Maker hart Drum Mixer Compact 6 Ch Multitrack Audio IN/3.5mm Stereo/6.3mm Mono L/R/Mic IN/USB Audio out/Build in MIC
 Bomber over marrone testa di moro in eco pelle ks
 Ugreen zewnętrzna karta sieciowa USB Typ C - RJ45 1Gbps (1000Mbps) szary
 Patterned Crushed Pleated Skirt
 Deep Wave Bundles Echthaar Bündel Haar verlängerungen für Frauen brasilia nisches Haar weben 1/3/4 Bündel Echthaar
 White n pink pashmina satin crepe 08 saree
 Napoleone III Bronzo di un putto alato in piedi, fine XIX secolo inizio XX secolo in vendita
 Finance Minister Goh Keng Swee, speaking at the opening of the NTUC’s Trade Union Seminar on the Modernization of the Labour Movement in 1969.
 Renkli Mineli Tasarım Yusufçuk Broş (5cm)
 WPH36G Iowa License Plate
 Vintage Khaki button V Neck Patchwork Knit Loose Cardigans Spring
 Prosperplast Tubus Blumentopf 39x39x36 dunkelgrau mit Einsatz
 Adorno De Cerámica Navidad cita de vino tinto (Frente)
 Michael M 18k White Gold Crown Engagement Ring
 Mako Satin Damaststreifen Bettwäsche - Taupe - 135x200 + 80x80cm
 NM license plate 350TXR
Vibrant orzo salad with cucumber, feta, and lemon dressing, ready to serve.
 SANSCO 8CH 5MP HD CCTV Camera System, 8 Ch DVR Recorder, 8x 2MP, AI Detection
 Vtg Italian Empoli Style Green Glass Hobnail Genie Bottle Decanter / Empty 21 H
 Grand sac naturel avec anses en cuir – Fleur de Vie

-*-

## Work to complete:
Look for the string "White" in the data above and return every line that has it.

## Solution for this task:
 White n pink pashmina satin crepe 08 saree
 Michael M 18k White Gold Crown Engagement Ring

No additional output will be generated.